◆ BRIEF
Would it be possible to output exactly, and only, the lines below from the one holding "Fototapeta na wymiar" to the last line, both included, with every picture left out?

::: DATA TO USE

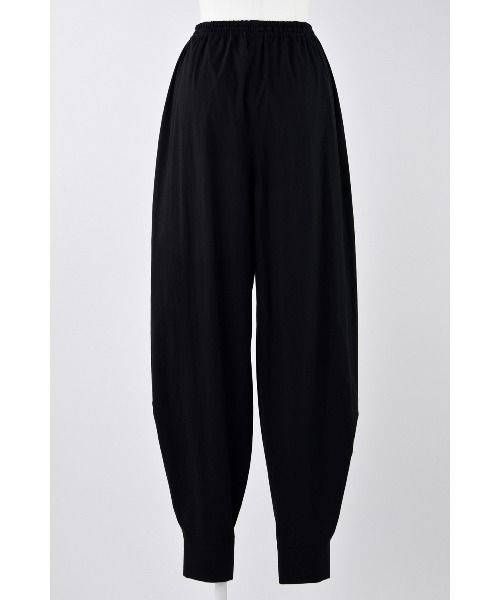 ENFOLD(エンフォルド)の「CURVE-HEM JOGGER PANTS(スラックス・レディース・ブラック・38/36)」の3枚目の写真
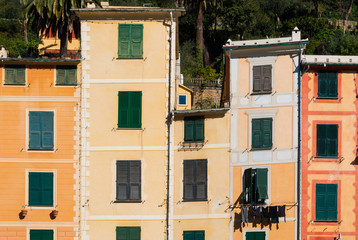 Fototapeta na wymiar Facades on the promenade of Portofino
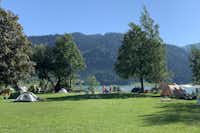 Camping Euthal - Zeltplätze auf der Wiese mit Blick auf den See
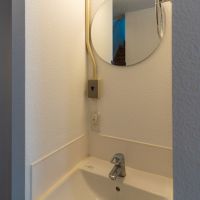 宝塚市高司の賃貸物件/2階部分の廊下にミニマルな洗面スペース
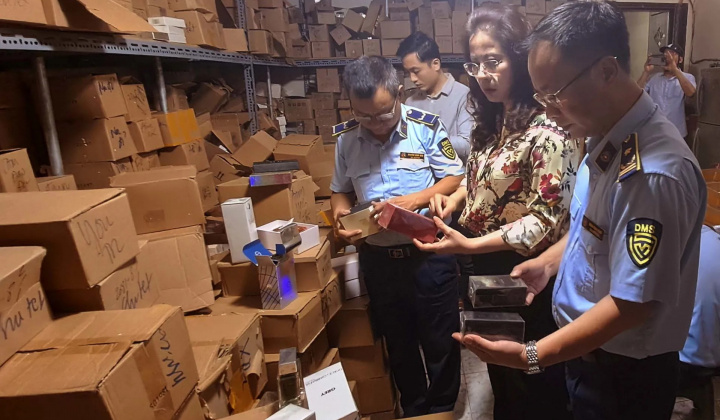 Quản lý thị trường Hà Nội triệt phá kho hàng mỹ phẩm, nước hoa giả mạo các thương hiệu lớn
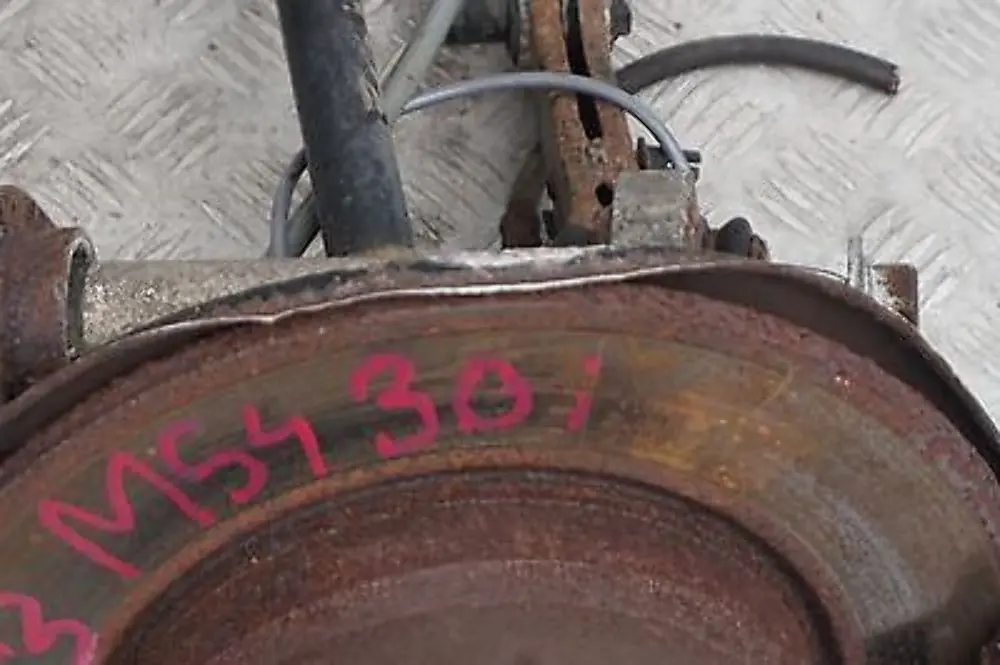 M54 231HP Zwrotnica zacisk tył do BMW E53 X5 3.0i o numerze 7500914 BMW E53 X5 3.0i M54 231HP Zwrotnica zacisk tył - SKU 7500914-1 - Numer Części 7500914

::::::

◆ WRITTEN REPLY
 Fototapeta na wymiar Facades on the promenade of Portofino
 Camping Euthal - Zeltplätze auf der Wiese mit Blick auf den See
 宝塚市高司の賃貸物件/2階部分の廊下にミニマルな洗面スペース
 Quản lý thị trường Hà Nội triệt phá kho hàng mỹ phẩm, nước hoa giả mạo các thương hiệu lớn
 M54 231HP Zwrotnica zacisk tył do BMW E53 X5 3.0i o numerze 7500914 BMW E53 X5 3.0i M54 231HP Zwrotnica zacisk tył - SKU 7500914-1 - Numer Części 7500914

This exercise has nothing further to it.